While most of us are more than aware that a certain amount of dramatic embellishment is to be expected from any adaptation based on real events, it is sometimes impossible to ignore to what level the truth can be stretched to accommodate those telling the story, and whether dramatisation for the sake of dramatisation can help or hinder said project.

In the case of Nicolai Fuglsig’s 12 Strong, where the truth ends and fiction begins isn’t altogether clear, nor does it seem that vital given the nature of the production itself. Having said that, if you’re prepared to be mildly incensed by its gung-ho “America saves the world again” narrative, the film presents an adequate retelling of a story which had until now remained under wraps by the powers that be.
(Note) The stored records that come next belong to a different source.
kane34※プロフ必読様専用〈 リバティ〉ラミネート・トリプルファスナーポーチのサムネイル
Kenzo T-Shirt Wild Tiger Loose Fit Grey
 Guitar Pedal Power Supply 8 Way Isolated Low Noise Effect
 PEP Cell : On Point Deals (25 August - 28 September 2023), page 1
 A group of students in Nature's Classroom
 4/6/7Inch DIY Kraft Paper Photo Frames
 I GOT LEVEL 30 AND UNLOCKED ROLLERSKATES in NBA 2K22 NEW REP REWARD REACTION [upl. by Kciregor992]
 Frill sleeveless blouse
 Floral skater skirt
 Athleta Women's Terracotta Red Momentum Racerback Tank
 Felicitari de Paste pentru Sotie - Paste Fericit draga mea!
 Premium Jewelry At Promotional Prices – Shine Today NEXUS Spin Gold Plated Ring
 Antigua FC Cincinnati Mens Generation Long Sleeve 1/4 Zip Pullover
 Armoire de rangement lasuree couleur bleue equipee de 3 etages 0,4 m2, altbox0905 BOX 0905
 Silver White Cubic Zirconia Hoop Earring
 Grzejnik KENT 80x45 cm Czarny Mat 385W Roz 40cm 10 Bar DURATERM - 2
Set in the aftermath of 9/11, 12 Strong tells the story of the first Special Forces team deployed to Afghanistan after the World Trade Centre attacks in 2001. Under the leadership of new captain Mitch Nelson (Chris Hemsworth), the team must work with Afghan warlord General Dostum (Navid Negahban) to take down the Taliban and some of their Al Qaeda allies believed to be hiding deep in the Afghan mountains. To complicate things further, the unit hopes to complete its mission in a race against time, and hopefully make it back to their loved ones unharmed in time for Christmas.

12 Strong

Staring alongside Hemsworth, is twice Academy Awards nominee Michael Shannon in the role of semi-retired officer Hal Spencer who is back for one last job. Shannon brings a great deal of solemn composure to a role which would have otherwise gone unnoticed, while Michael Peña provides some light relief as the unit’s loveable joker Sam Diller. The rest of the film is a mixture between a full-on war movie and an old fashioned western where our heroes are expected to do battle on horseback against heavily armed enemy forces.

Hemsworth does a great job in offering Mitch Nelson as an all-American hero wanting to do what it takes in the name of his country. However the real revelation comes courtesy of Navid Negahban who puts in a truly astonishing performance as Dostum, the general who will later become the first president of a free Afghanistan.

12 Strong

Director Nicolai Fuglsig does an adequate job on the technical front – some of the action sequences are truly stunning- but the film is sadly let down by a highly predictable screenplay and a dialogue which doesn’t fare much better. All in all a big noisy war movie which does exactly what is expected from it, but just don’t expect its politics to be challenged beyond what we’ve heard and seen hundreds of times before. A solid war movie which otherwise relies too much on cliched ideas and which is perhaps unlikely to sit well politically with some audiences due to its hawkish narrative.